*** Begin section ***

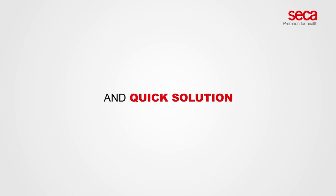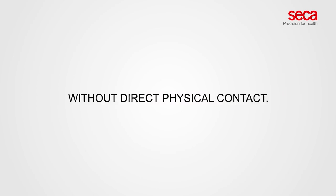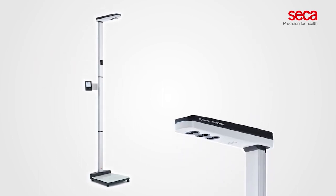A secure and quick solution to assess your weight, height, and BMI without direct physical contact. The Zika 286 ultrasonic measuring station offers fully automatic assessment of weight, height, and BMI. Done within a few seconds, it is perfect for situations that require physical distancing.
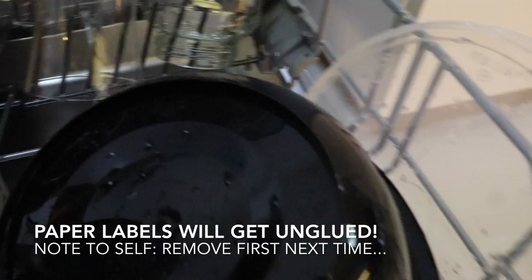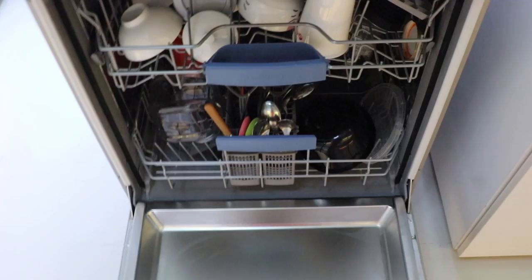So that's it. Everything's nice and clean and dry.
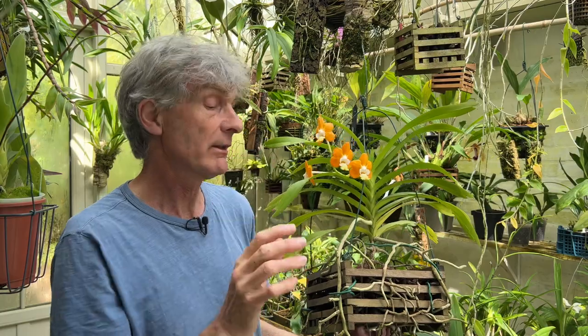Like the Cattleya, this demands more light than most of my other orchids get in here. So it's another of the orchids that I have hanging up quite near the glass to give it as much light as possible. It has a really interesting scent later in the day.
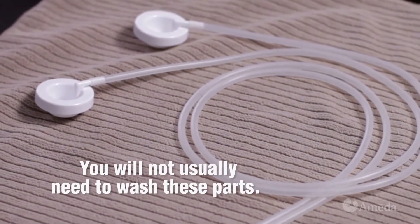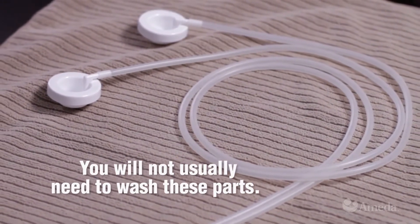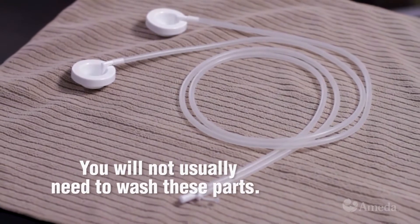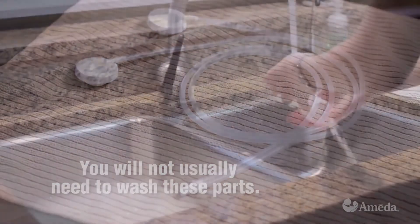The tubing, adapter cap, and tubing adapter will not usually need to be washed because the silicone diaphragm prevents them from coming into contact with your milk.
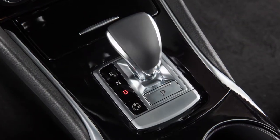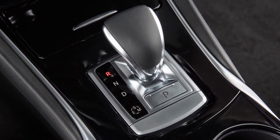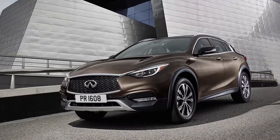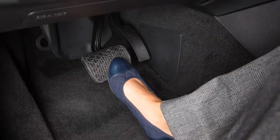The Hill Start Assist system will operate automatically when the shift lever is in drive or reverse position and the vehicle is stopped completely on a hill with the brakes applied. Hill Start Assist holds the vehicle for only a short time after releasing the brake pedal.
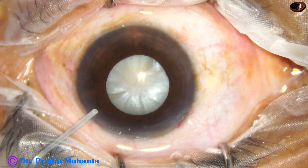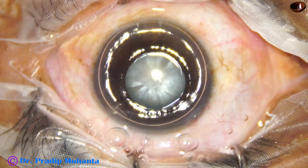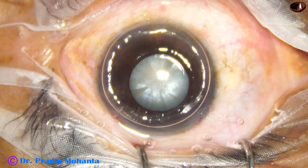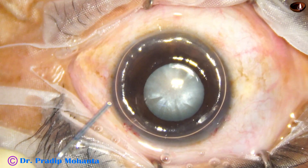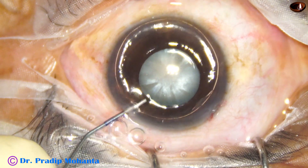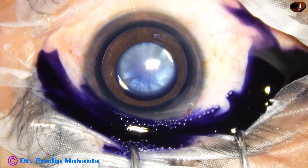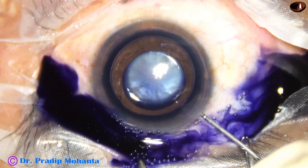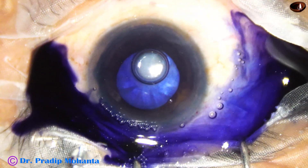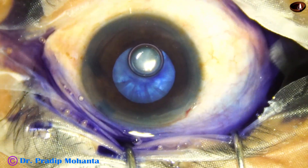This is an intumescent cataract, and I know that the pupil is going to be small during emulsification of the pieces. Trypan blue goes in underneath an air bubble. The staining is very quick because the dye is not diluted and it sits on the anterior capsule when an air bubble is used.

*** End section ***

Write out the records above exactly. Begin with the first line, end with the line holding "The tubing, adapter", and drop the pictures.

A secure and quick solution to assess your weight, height, and BMI without direct physical contact. The Zika 286 ultrasonic measuring station offers fully automatic assessment of weight, height, and BMI. Done within a few seconds, it is perfect for situations that require physical distancing.
So that's it. Everything's nice and clean and dry.
Like the Cattleya, this demands more light than most of my other orchids get in here. So it's another of the orchids that I have hanging up quite near the glass to give it as much light as possible. It has a really interesting scent later in the day.
The tubing, adapter cap, and tubing adapter will not usually need to be washed because the silicone diaphragm prevents them from coming into contact with your milk.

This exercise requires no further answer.